SOURCE MATERIAL.
=== Section Start ===

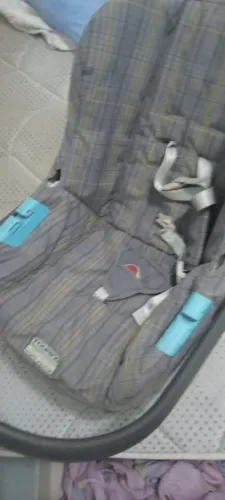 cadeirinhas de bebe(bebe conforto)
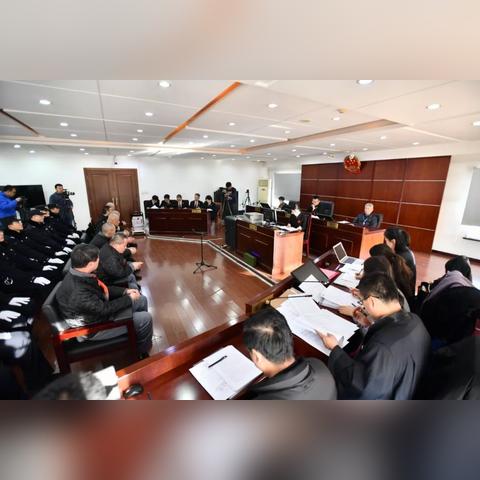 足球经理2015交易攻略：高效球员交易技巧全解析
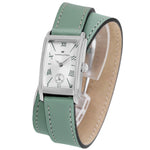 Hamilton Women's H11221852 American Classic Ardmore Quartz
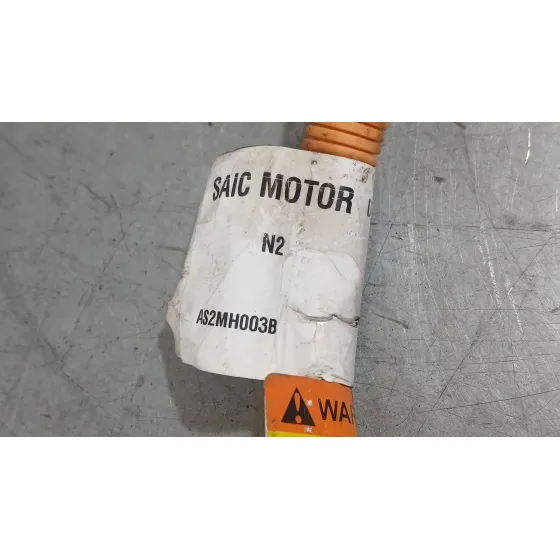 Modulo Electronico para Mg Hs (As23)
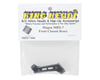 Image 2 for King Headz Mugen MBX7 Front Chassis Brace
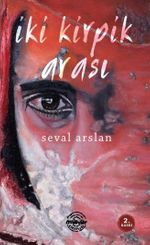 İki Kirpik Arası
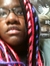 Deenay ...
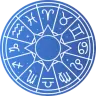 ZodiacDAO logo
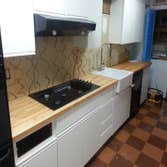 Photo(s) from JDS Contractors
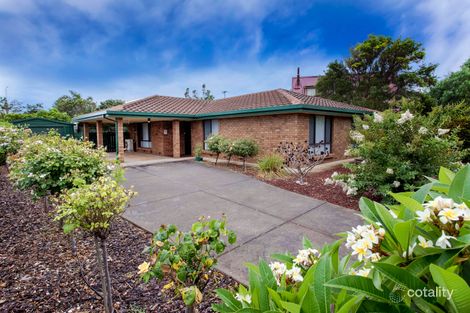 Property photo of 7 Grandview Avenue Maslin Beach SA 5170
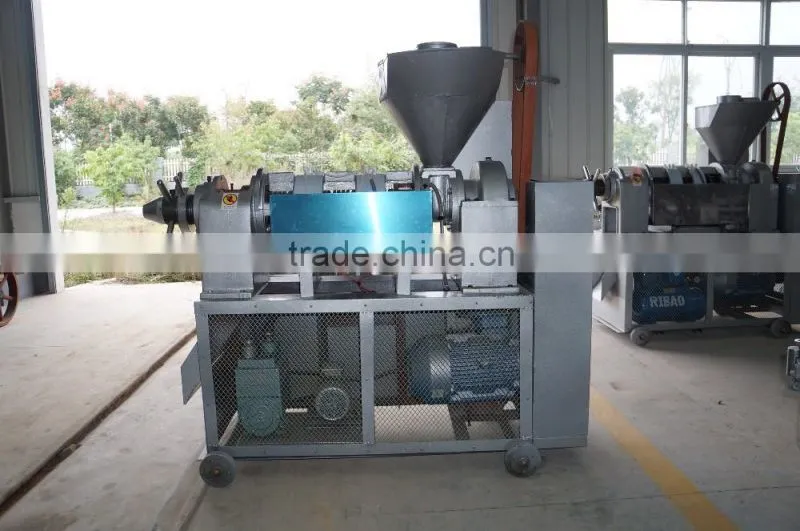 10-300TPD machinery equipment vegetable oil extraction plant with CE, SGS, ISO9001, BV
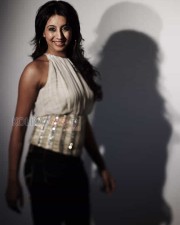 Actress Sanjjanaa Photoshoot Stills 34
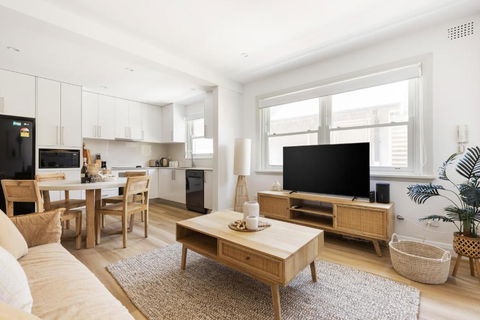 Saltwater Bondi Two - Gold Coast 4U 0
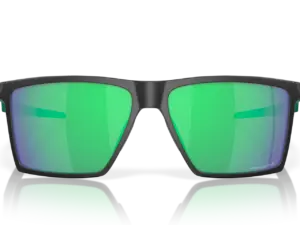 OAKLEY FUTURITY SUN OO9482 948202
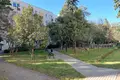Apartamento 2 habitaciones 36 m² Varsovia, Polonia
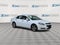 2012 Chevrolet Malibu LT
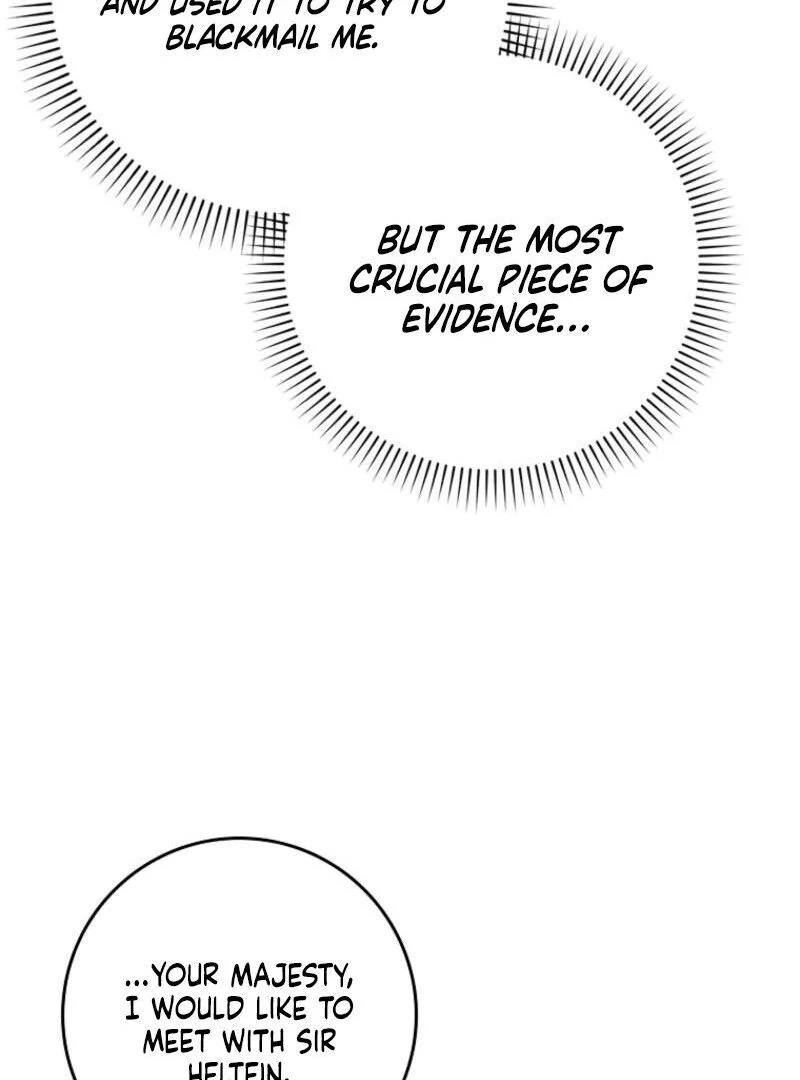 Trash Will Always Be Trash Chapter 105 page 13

=== Section End ===
=== Section Start ===

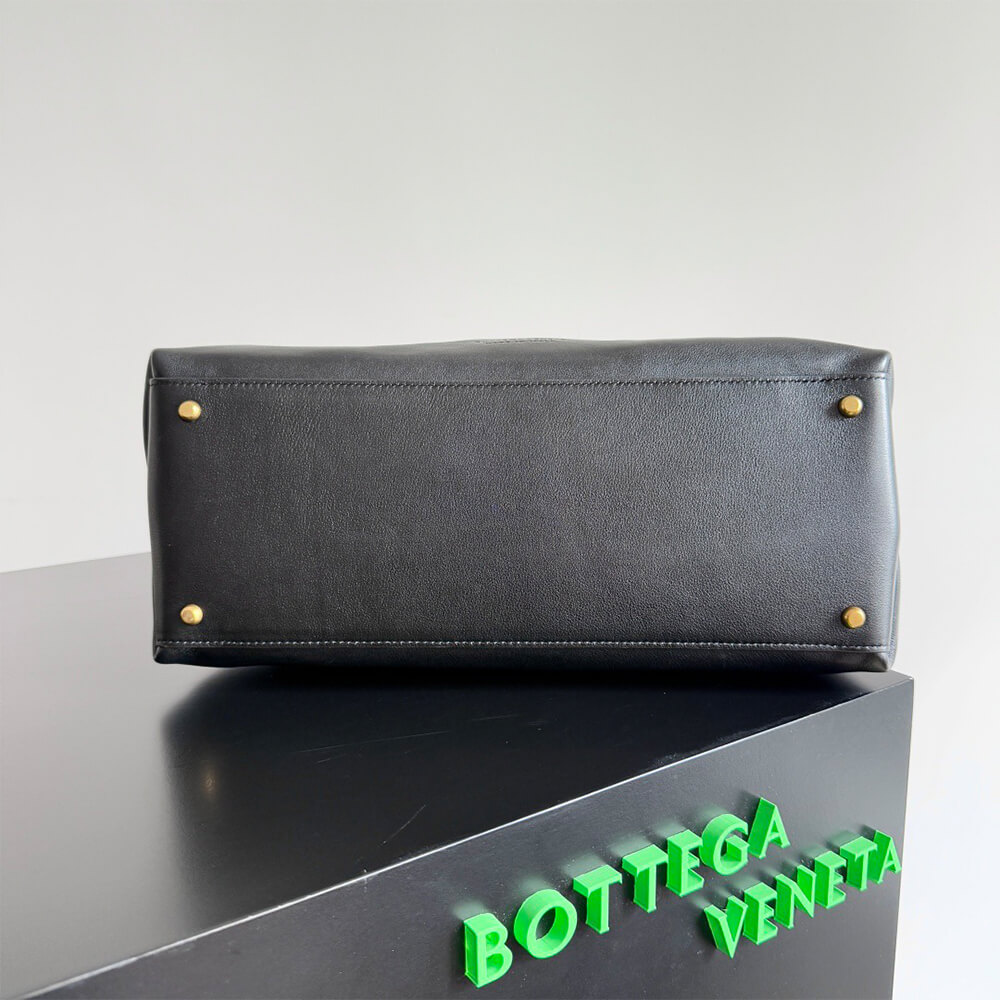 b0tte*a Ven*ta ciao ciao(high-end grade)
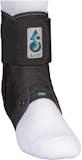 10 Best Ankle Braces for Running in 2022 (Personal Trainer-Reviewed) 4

=== Section End ===

WORK TASK.
From the listing above, please give again the lines that begin with the line holding "cadeirinhas de bebe(bebe conforto)" and go on through the line holding "Trash Will Always", exactly, both ends included, minus any picture.

ANSWER TO THE PROBLEM.
 cadeirinhas de bebe(bebe conforto)
 足球经理2015交易攻略：高效球员交易技巧全解析
 Hamilton Women's H11221852 American Classic Ardmore Quartz
 Modulo Electronico para Mg Hs (As23)
 Image 2 for King Headz Mugen MBX7 Front Chassis Brace
 İki Kirpik Arası
 Deenay ...
 ZodiacDAO logo
 Photo(s) from JDS Contractors
 Property photo of 7 Grandview Avenue Maslin Beach SA 5170
 10-300TPD machinery equipment vegetable oil extraction plant with CE, SGS, ISO9001, BV
 Actress Sanjjanaa Photoshoot Stills 34
 Saltwater Bondi Two - Gold Coast 4U 0
 OAKLEY FUTURITY SUN OO9482 948202
Apartamento 2 habitaciones 36 m² Varsovia, Polonia
 2012 Chevrolet Malibu LT
 Trash Will Always Be Trash Chapter 105 page 13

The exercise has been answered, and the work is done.